Кивнув, круглая голова исчезла. Делглиш закрыл гардероб и протиснулся между ним и спинкой кровати. Здесь явно не хватало места для четвертого человека. Огромная туша полицейского снимавшего отпечатки пальцев, занимала пространство между столиком у кровати и окном, где он, сложившись чуть не вдвое, осторожно наносил порошок на поверхность бутылки из-под виски, поворачивая ее за пробку. Рядом с бутылкой стояла тарелка, на которой были видны четкие отпечатки пальцев мертвой девушки.
— Есть что-нибудь? — спросил Делглиш. Полицейский молчал, старательно вглядываясь в результаты работы.
— Виден отличный набор отпечатков, сэр, которые определенно принадлежат ей. И ничего больше. Похоже, что продавец перед тем, как завернуть бутылку, по привычке протер ее. Интересно посмотреть, что у нас получится с бокалом.
Он
Полицейский снова склонился над бутылкой.
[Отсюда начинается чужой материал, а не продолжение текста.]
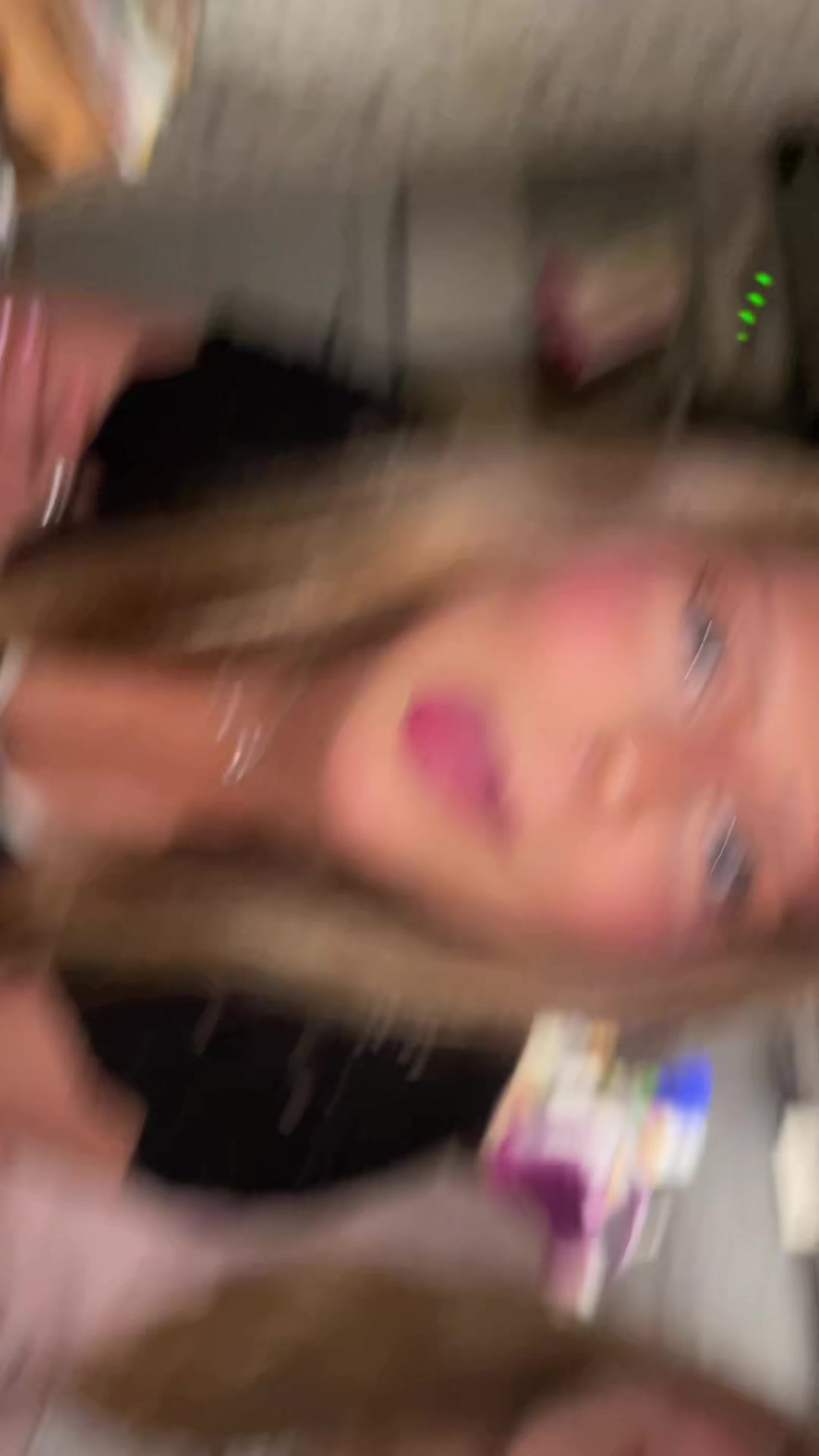 @Ronnie 🦄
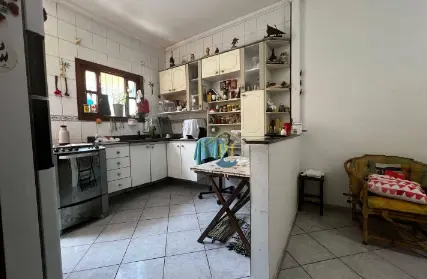 Imagem: Condomínio Fechado para Venda, Aviação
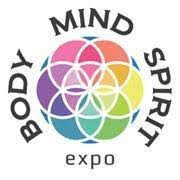 Body Mind Spirit Expo Loveland 2027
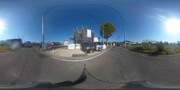 パノラマのサムネイル画像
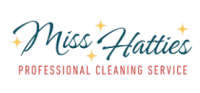 Miss Hattie's Cleaning Services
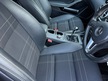 Mercedes A Class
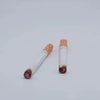 Funny Fake Smoking Cigarettes - Insomnia Smoke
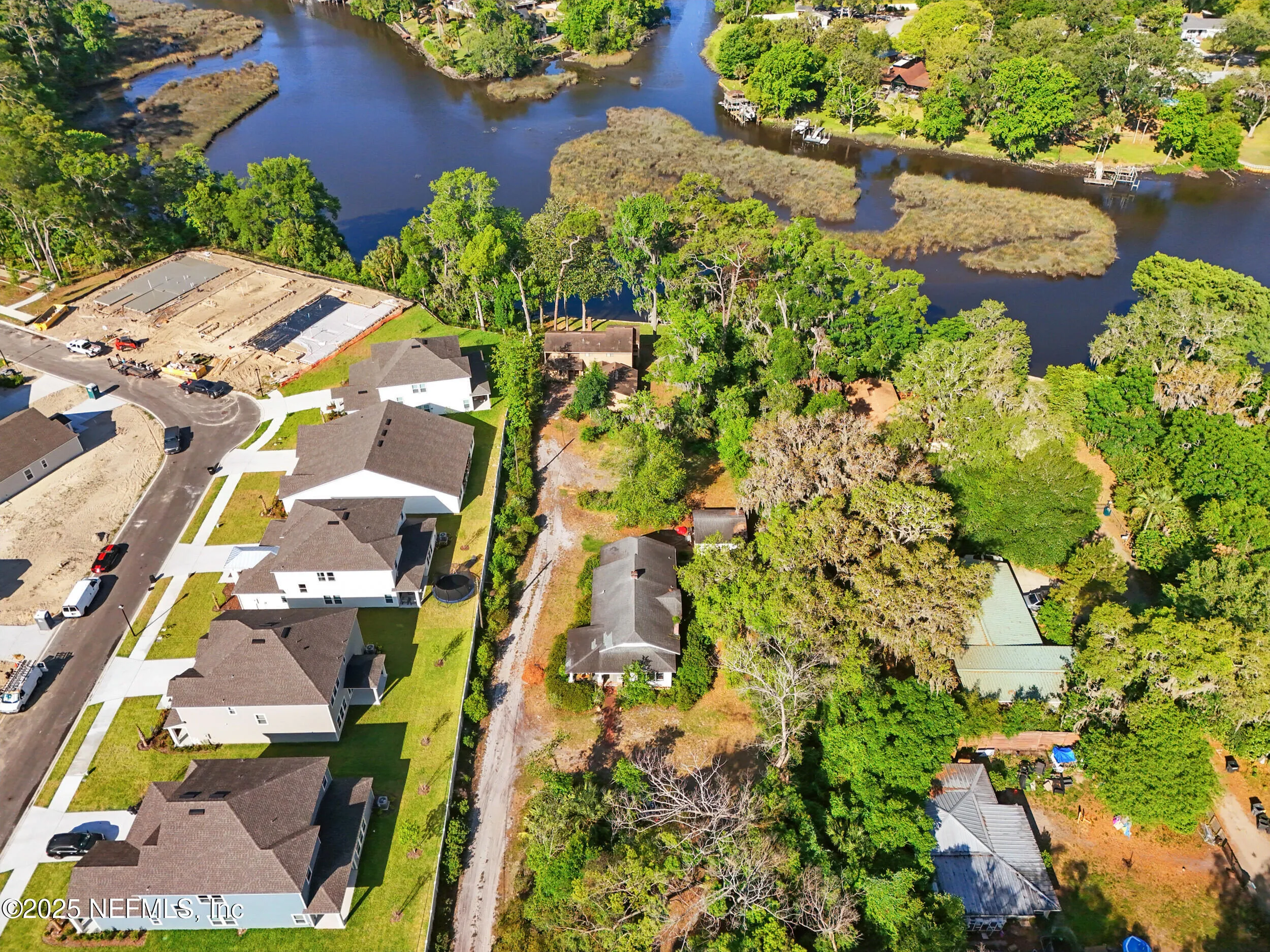 Jacksonville, Florida 32207, United States, 3 Bedrooms Bedrooms, ,3 BathroomsBathrooms,Residential,Pending,125209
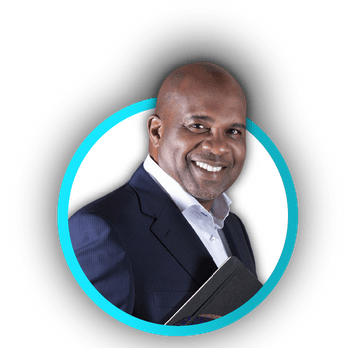 Dr. Nicholas Brathwaite
Co-founder, Riverwood Capital Dr. Nicholas Brathwaite
Co-founder, Riverwood Capital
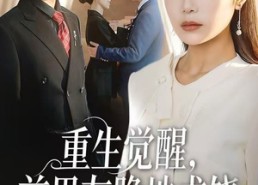 短剧《重生觉醒，前男友跪地求饶（61集）》超火短剧免费畅享全集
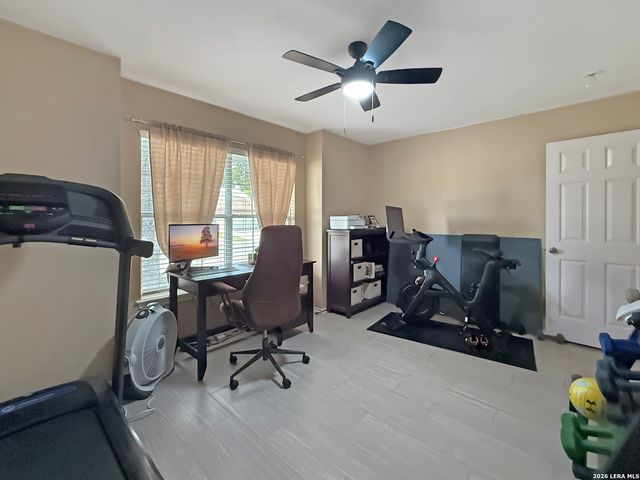10306 Western Sun, San Antonio, TX 78240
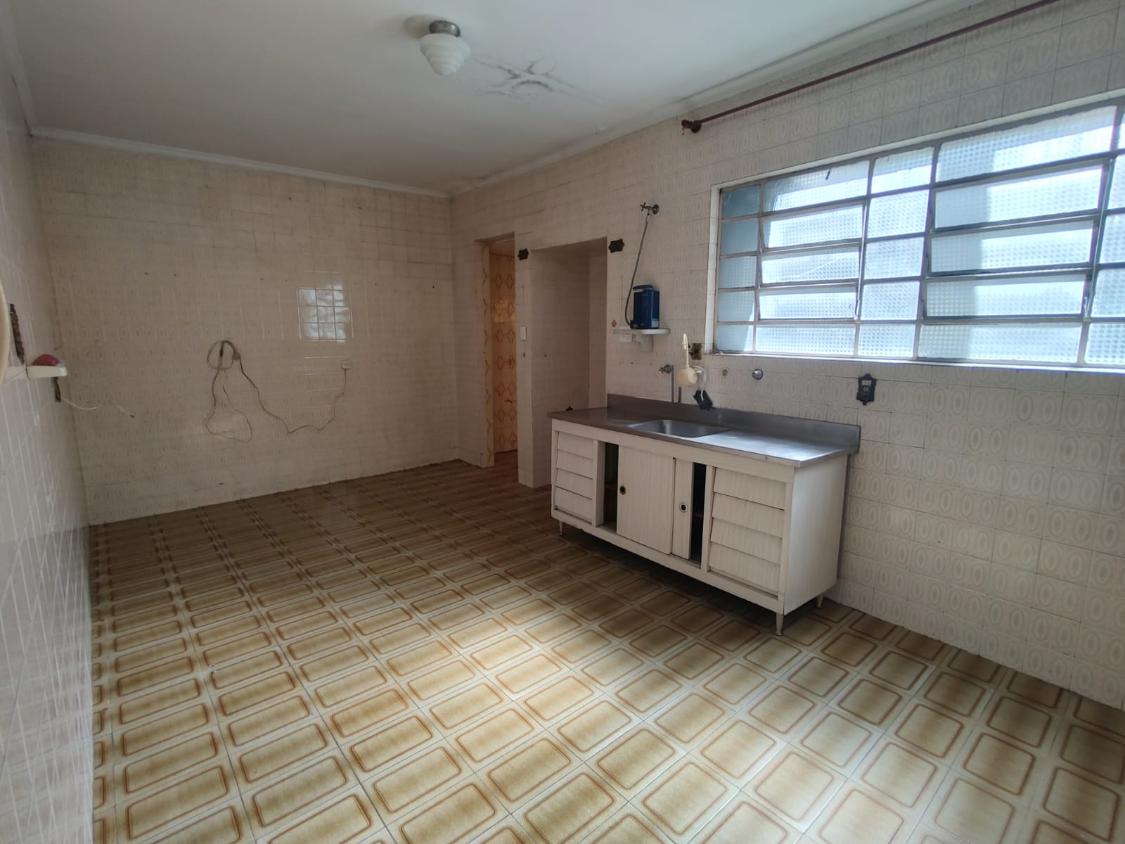 Casa, 4 quartos, 238 m² - Foto 6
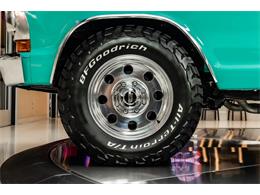 1970 Ford F250 (CC-2106840) for sale in Plymouth, Michigan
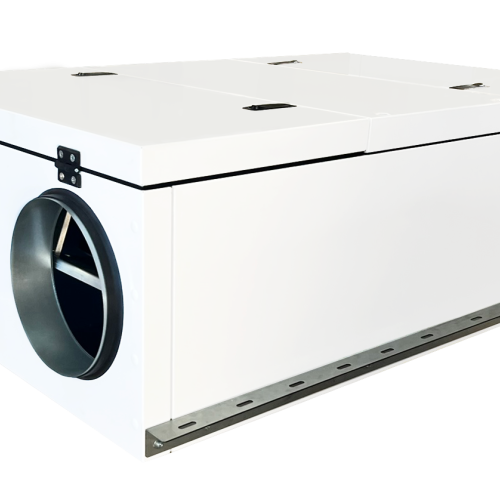 Изображение товара Компакт RR (R) E 700-2-F от фирмы Kentatsu номер один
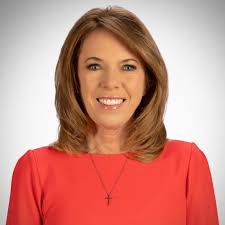 2025 WomanUp & Celebrate West Michigan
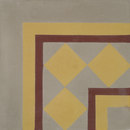 VIA Cement tile Concrete/cement flooring Concrete/cement: floor tiles Concrete/cement: wall tiles Floor tiles Mineral composite flooring Wall tiles
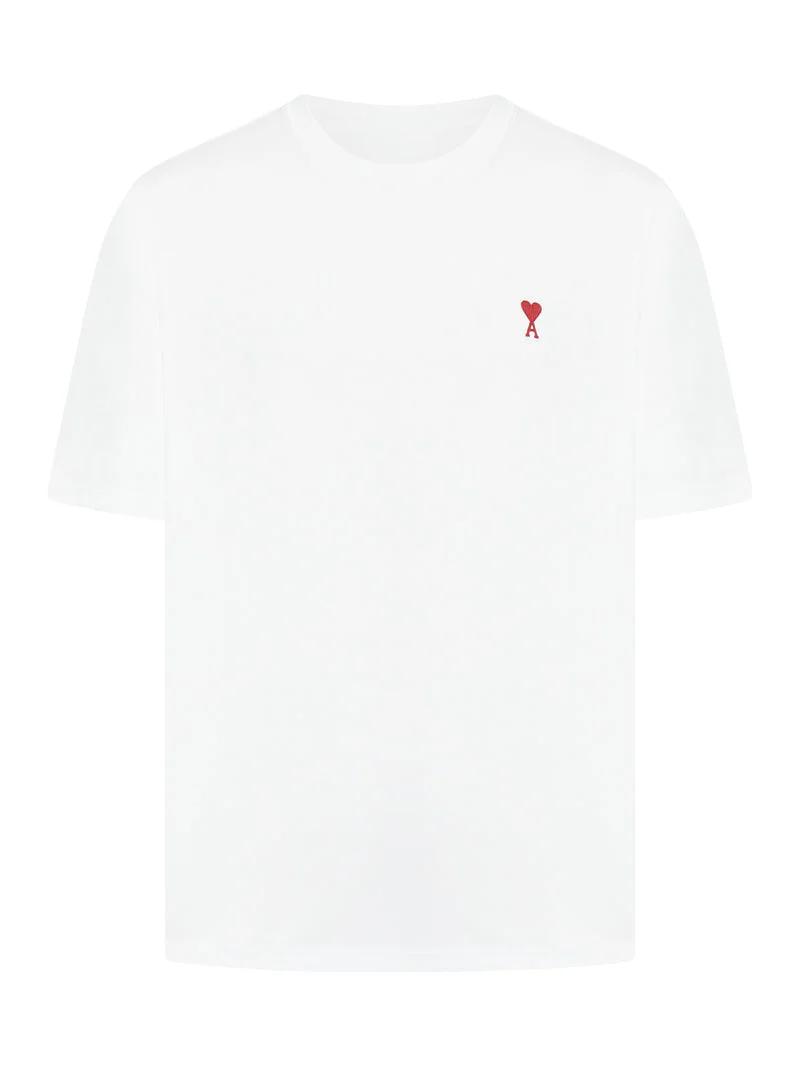 AMI DE COUER T-SHIRT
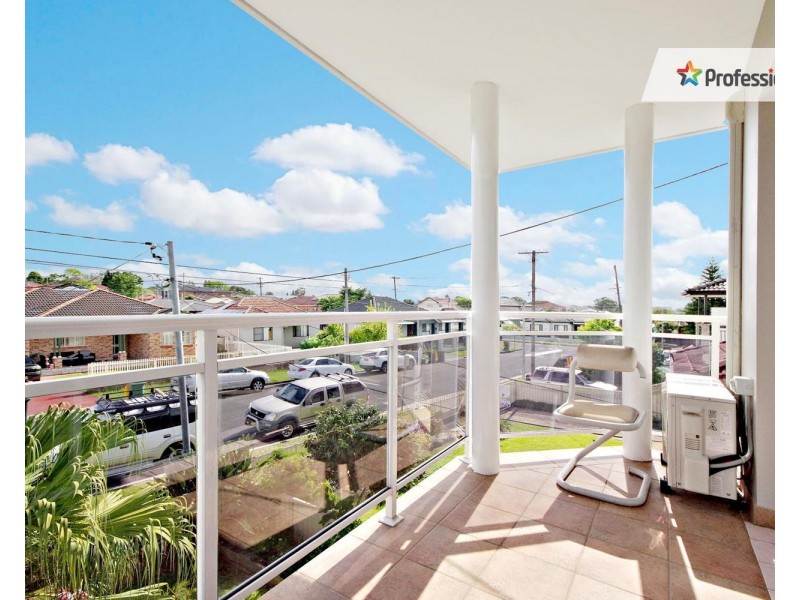 5 Linda Street, Fairfield Heights NSW 2165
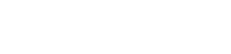 1993 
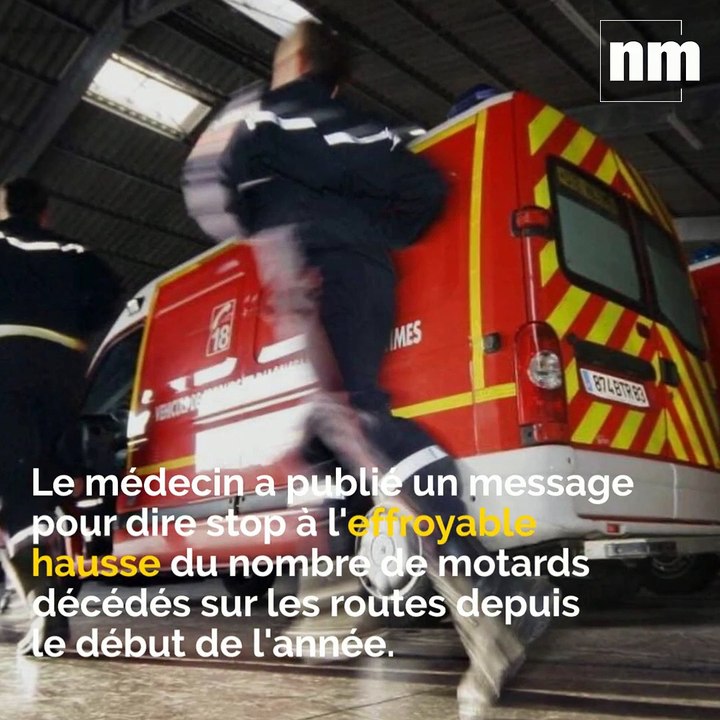 Hécatombe sur les routes, tournage dans le Var, acte malveillant au Roc d'Azur:  voici votre brief info  de vendredi après-midi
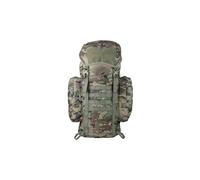 Sac de randonnee highlander forces elite 44l camo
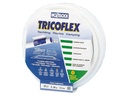 TRICOFLEX yachting 15mm 25meter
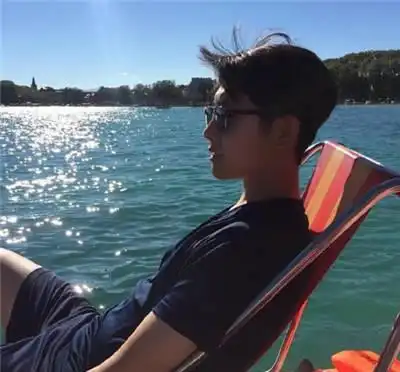  什么样八字的男人容易有婚外情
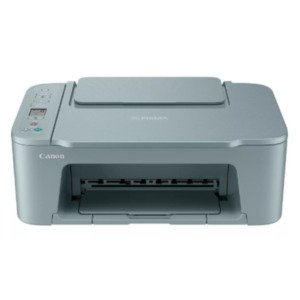 Canon PIXMA TS3752i Inkjet A4 4800 x 1200 DPI Wifi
За его спиной фотограф из Скотленд-Ярда маневрировал со своей треногой и фотокамерой — как заметил Делглиш, новой монорельсовой камерой Камбо. Раздался щелчок, вспышка света — и изображение мертвой девушки выскочило на них и замерло, повиснув в воздухе, обжигая собой сетчатку глаз Делглиша. В этом резком, моментальном сиянии свет и тени были усилены и искажены. Длинные черные волосы девушки разметались по ослепительно белоснежной подушке, открытые глаза казались мраморными и выпуклыми, как будто трупное окоченение немного выдавило их из орбит, кожа девушки была очень белой и гладкой, словно отталкивающей на ощупь, искусственной оболочкой, плотной и непроницаемой, как винил. Делглиш сморгнул, смахивая изображение игрушечной колдуньи, нелепой куклы, небрежно брошенной на подушку. Когда он снова взглянул на нее, она опять была мертвой девушкой, лежащей в постели, не больше и не меньше. Еще два раза искаженное изображение выскакивало на него и повисало в воздухе, застывая, когда фотограф сделал две фотографии «полароидом», чтобы немедленно передать их Делглишу — он всегда об этом просил. Затем все кончилось.
— Это был последний снимок, я закончил, сэр, — сказал фотограф. — А теперь я впущу сэра Майлса.
Он выглянул за дверь, тогда как полицейский, занимающийся отпечатками пальцев, удовлетворенно хмыкнув, бережно взял пинцетом бокал с одеяла и поставил его рядом с бутылкой.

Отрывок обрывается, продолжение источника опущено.